Open mobb opened 1 year ago
Thanks for this report, @mobb . While I agree we don't explicitly name a field for this LOCALE information, it is standard practice (e.g., in database systems and operating systems, and in MIME types) to include LOCALE info in with the character encoding for text files. For example, here's a table IBM maintains with these values: https://www.ibm.com/docs/en/aix/7.2?topic=globalization-supported-languages-locales The standard syntax for it is LOCALE.ENCODING, where both the values for LOCALE and ENCODING come from the standard vocabularies maintained in the Unicode Common Locale Data Repository and ISO encoding values, with the specific list of supported locale values maintained in github: https://github.com/unicode-org/cldr/tree/main/common/main. For example, to indicate British, Canadian, and US locales for UTF-8 encoded files, the character encoding would be set to EN_GB.UTF-8
, EN_CA.UTF-8
, and EN_US.UTF-8
, respectively. The locale rules include defaults for many things, including default currency and decimal separators, data ordering, etc. Here's how I think it would be represented in EML:
...
<physical>
...
<characterEncoding>EN_GB.UTF-8</characterEncoding>
</physical>
...
We frequently omit characterEncoding
from our metadata, but I wish we did a better job of including it as it is critical info for interpreting a text file.
LTER IMs and EDI are currently updating EML best practices. If including <characterEncoding>
satisfies the OP, should we recommend always using <characterEncoding>
in the EML best practices? Could all U.S. LTER sites reasonably assume their text files use EN_US.UTF-8? If not, I think we'd want a way to determine the encoding before we recommend that folks always include it.

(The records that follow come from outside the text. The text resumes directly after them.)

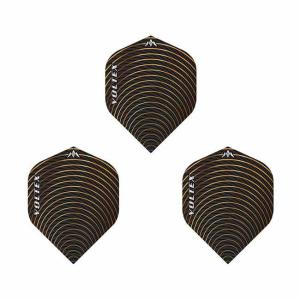 MISSION DARTS Solo Dart Flights Voltex スタンダード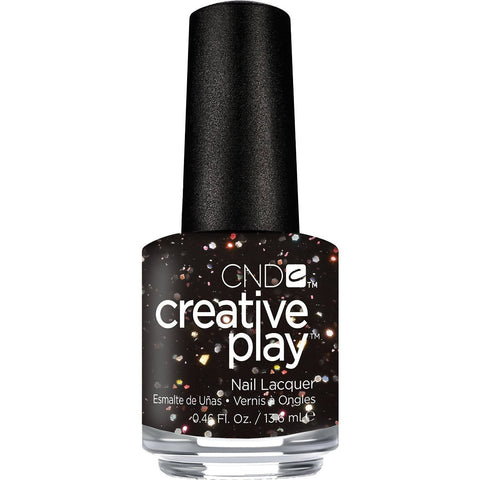 CND Creative Play Nail Polish - Nocturne It Up | CND - CM Nails & Beauty Supply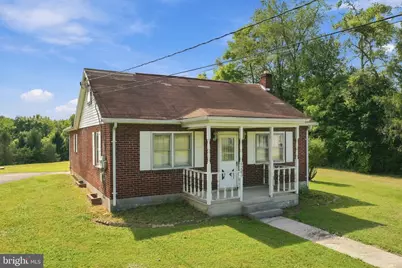 9203 Hedgesville Road, Hedgesville, WV 25427 - Photo 12
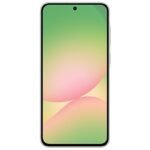 ⁦Samsung Galaxy A56 5G, 8GB RAM, 128GB - Gray⁩ - الصورة ⁦3⁩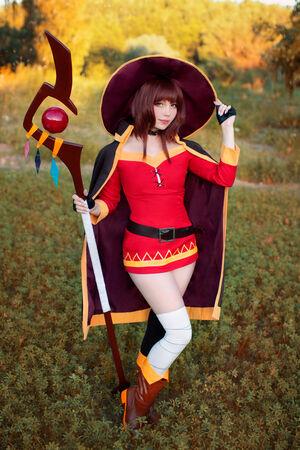 Caticorncosplay photo 467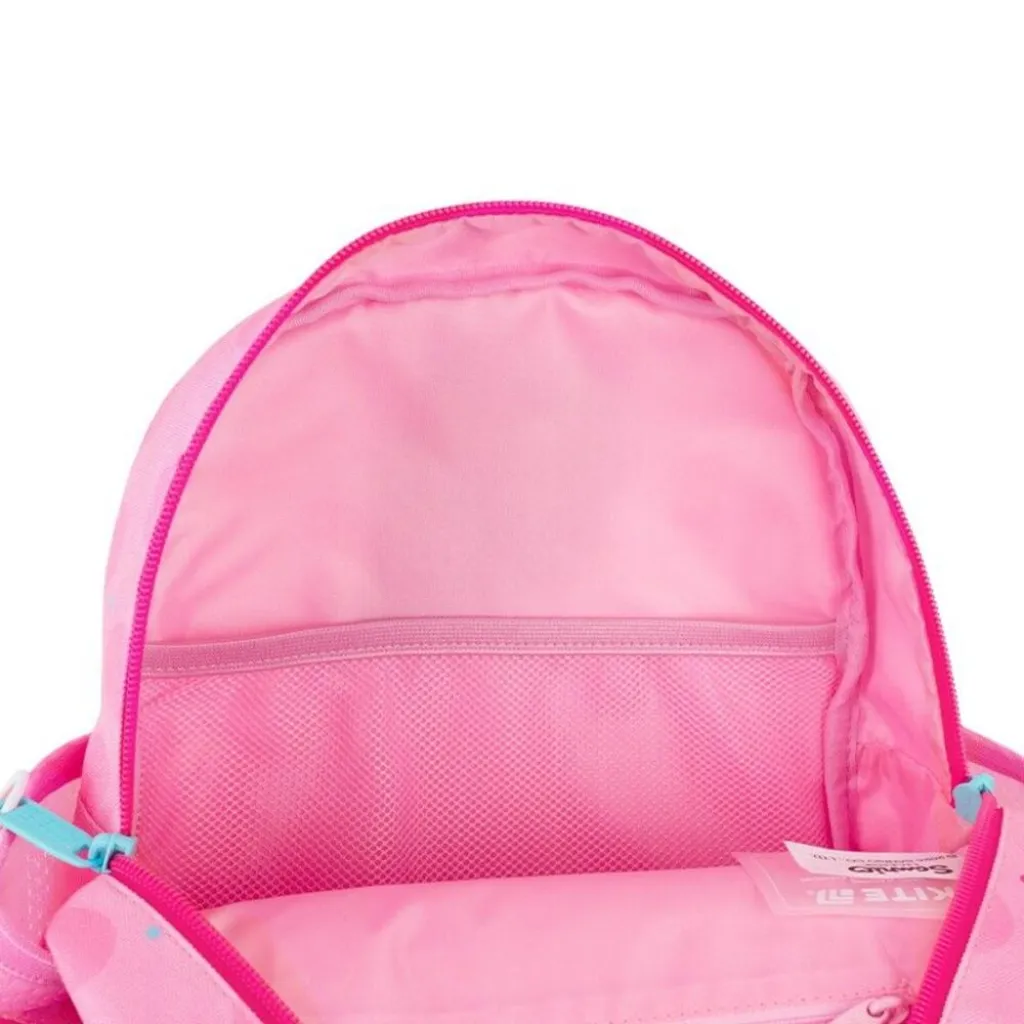 Детский рюкзак для девочек Kite Kids Hello Kitty HK26-2727XS, розовый
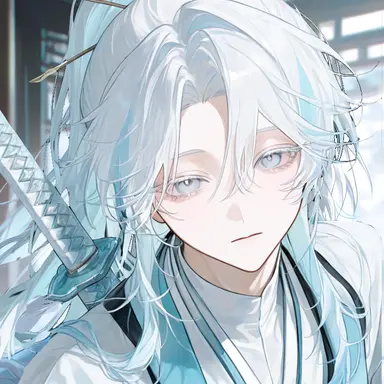 Profile image of 蒼月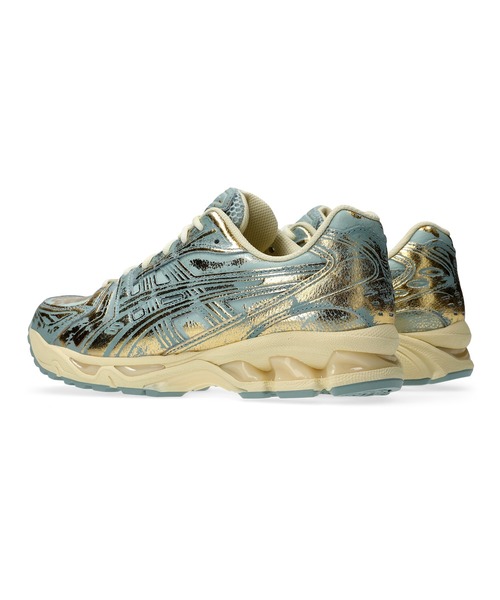 ASICS（アシックス） スニーカー GEL-KAYANO 14 メンズ レディース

I think that would be a great addition to the best practices to always use <characterEncoding>
.
Within the US, I think assuming EN_US
will usually be correct (except in cases like @mobb's where the data originate elsewhere), but we certainly encounter quite a few other character encodings than UTF-8. We run into ISO-8859-1 (Latin-1) and Windows CP-1252 a lot, and we often run into trouble with encoding mixes where the base will be UTF-8 but stray characters from other encodings have been cut-and-pasted in incorrectly. This has caused us no end of grief (I just got a long rant about this about one of our datasets just a few weeks ago). So, we've been pretty diligently trying to move everything we do to UTF-8. Not always easy though. I'm not sure if UTF-8 is a safe assumption, but its a decent starting point I suppose. @jeanetteclark what do you think of adding a MetaDIG check for this to the FAIR suite?
@mbjones I looked at a sample list of encodings. I didn't see EN_US on there. ASCII and UTF-8 are on there, and those two are also listed as examples in the EML spec. Would we satisfactorily alleviate headaches if we recommend UTF-8 in the EML best practice document we are authoring?
Here's the best practice text I'm proposing.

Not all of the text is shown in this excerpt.